__DATA__
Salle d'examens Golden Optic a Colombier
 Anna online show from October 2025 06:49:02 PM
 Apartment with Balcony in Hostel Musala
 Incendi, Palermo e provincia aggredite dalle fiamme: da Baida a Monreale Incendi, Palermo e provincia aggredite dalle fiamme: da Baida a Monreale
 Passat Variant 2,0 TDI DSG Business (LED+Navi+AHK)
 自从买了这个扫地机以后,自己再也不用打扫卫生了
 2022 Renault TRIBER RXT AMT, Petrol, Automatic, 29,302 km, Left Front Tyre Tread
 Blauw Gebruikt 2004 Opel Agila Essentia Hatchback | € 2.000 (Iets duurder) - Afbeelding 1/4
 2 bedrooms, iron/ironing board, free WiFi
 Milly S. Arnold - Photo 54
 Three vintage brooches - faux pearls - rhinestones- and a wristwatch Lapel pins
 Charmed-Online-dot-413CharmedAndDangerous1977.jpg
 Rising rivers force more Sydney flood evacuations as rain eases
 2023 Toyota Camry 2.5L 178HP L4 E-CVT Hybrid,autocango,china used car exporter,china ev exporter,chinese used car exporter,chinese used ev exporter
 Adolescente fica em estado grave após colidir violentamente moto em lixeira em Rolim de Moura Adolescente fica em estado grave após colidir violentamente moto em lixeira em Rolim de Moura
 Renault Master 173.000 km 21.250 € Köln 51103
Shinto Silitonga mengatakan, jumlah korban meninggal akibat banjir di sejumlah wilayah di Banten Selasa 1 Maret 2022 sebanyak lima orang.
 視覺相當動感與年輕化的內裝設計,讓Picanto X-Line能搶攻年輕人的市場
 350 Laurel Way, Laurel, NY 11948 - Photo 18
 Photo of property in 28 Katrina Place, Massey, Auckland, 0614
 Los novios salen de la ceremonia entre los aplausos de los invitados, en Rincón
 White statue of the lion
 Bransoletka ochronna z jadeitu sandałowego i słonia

__EXERCISE OBJECTIVE__
The full data, repeated exactly, is the only acceptable output.

__SOLUTION__
Salle d'examens Golden Optic a Colombier
 Anna online show from October 2025 06:49:02 PM
 Apartment with Balcony in Hostel Musala
 Incendi, Palermo e provincia aggredite dalle fiamme: da Baida a Monreale Incendi, Palermo e provincia aggredite dalle fiamme: da Baida a Monreale
 Passat Variant 2,0 TDI DSG Business (LED+Navi+AHK)
 自从买了这个扫地机以后,自己再也不用打扫卫生了
 2022 Renault TRIBER RXT AMT, Petrol, Automatic, 29,302 km, Left Front Tyre Tread
 Blauw Gebruikt 2004 Opel Agila Essentia Hatchback | € 2.000 (Iets duurder) - Afbeelding 1/4
 2 bedrooms, iron/ironing board, free WiFi
 Milly S. Arnold - Photo 54
 Three vintage brooches - faux pearls - rhinestones- and a wristwatch Lapel pins
 Charmed-Online-dot-413CharmedAndDangerous1977.jpg
 Rising rivers force more Sydney flood evacuations as rain eases
 2023 Toyota Camry 2.5L 178HP L4 E-CVT Hybrid,autocango,china used car exporter,china ev exporter,chinese used car exporter,chinese used ev exporter
 Adolescente fica em estado grave após colidir violentamente moto em lixeira em Rolim de Moura Adolescente fica em estado grave após colidir violentamente moto em lixeira em Rolim de Moura
 Renault Master 173.000 km 21.250 € Köln 51103
Shinto Silitonga mengatakan, jumlah korban meninggal akibat banjir di sejumlah wilayah di Banten Selasa 1 Maret 2022 sebanyak lima orang.
 視覺相當動感與年輕化的內裝設計,讓Picanto X-Line能搶攻年輕人的市場
 350 Laurel Way, Laurel, NY 11948 - Photo 18
 Photo of property in 28 Katrina Place, Massey, Auckland, 0614
 Los novios salen de la ceremonia entre los aplausos de los invitados, en Rincón
 White statue of the lion
 Bransoletka ochronna z jadeitu sandałowego i słonia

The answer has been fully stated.